The first incident was reported at Gainesville’s First United Methodist Church in early February.

The second occurred last week at Valley View’s United Methodist Church on West O’buch Street where church officials discovered a computer missing after a suspect apparently entered the church through a broken stained glass window.

“I got a call from one of our church members about 8:20 a.m. (Friday),” Pastor Scott Melton said. “We saw where someone had busted in one of our stained glass windows and rummaged through some things. One of the computers that operates the multi-media during our worship time was taken.”

Melton said he believes entering the church through the window was probably not an easy thing to do.

“It would’ve been a major undertaking,” he said, adding that the culprit had to first penetrate an extruded acrylic covering that had been put in place to protect the historic stained glass window.
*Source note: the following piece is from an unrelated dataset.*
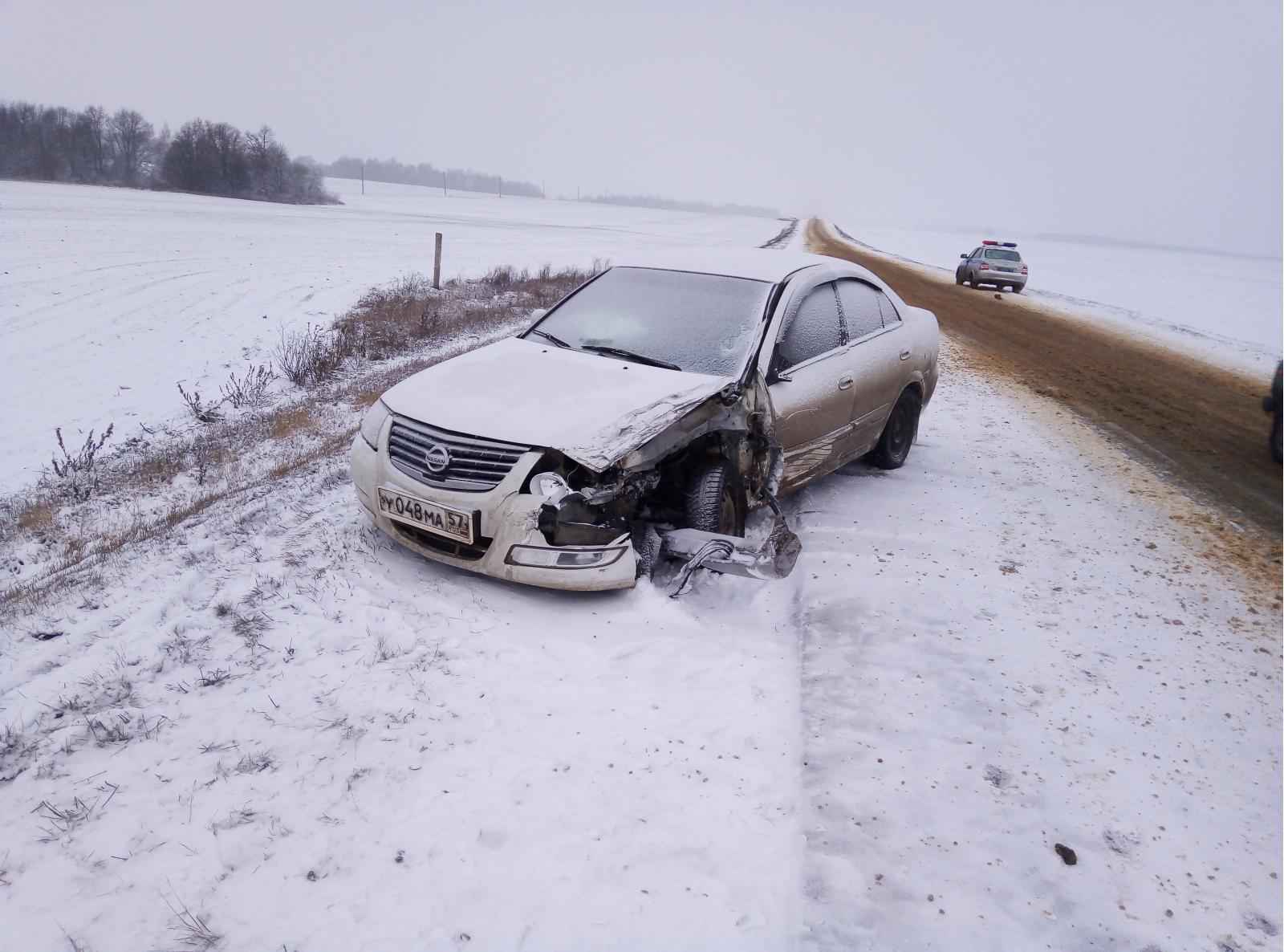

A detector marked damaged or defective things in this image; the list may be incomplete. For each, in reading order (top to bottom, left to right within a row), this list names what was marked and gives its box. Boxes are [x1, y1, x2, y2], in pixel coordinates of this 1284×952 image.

The suspect also had to break through a plate glass window beneath the acrylic window to get to the stained glass.

“The stained glass window was broken in its lead frame,” he noted. “It would’ve been a lot easier to go through another window,” Melton said.

Melton said the stained glass window was from the congregation’s original church.

“It was over 100 years old,” he said.

Valley View police chief Jarrett Elting said the incident is under investigation.

“We’re working on a couple of leads,” he said.

Incidents such as the one at First United Methodist last week keep the small police force busy, he said.

Despite Valley View’s relatively small population, Elting said his police department receives over 100 calls a month.

The Valley View break-in happened about two weeks after a historic stained glass window on the south side of Gainesville’s First United Methodist Church on Denton Street was discovered broken.

Although listed as an incident of criminal mischief in a Gainesville Police Department media report, church secretary Mary Beth Newton said church officials were not certain how the incident happened or if it was vandalism.

“They (police officers) said a bird could’ve flown into it,” she said of the damage. “We really have no way of knowing.”

The First United Methodist Church windows are covered by a protective glass that is similar to the type of glass used in automobiles, she said.

“It breaks into little pieces like car glass so it doesn’t hurt anybody,” she explained.

She said the church tried to protect its windows using the same type of extruded acrylic product used at First United Methodist Church of Valley View, but the results were less than clear.

“They yellowed badly,” she said.

According to information from Debbie Boaz, an archivist, the church’s current sanctuary was built in 1892. The present structure is the second First Methodist Church of Gainesville.

Gainesville’s FUMC stained glass windows were installed in 1893 and were known as “catalogue windows” because church officials perused catalogues before ordering and selecting the windows of their choice.

The windows were made by the Wells Glass Company of Chicago and arrived in Gainesville Jan. 19, 1893.

At the time of the incident, Newton said the church planned to replace the window.

Melton said church leaders and the congregation plan to look into replacing the window.

“But I don’t know how replaceable it will be,” he said.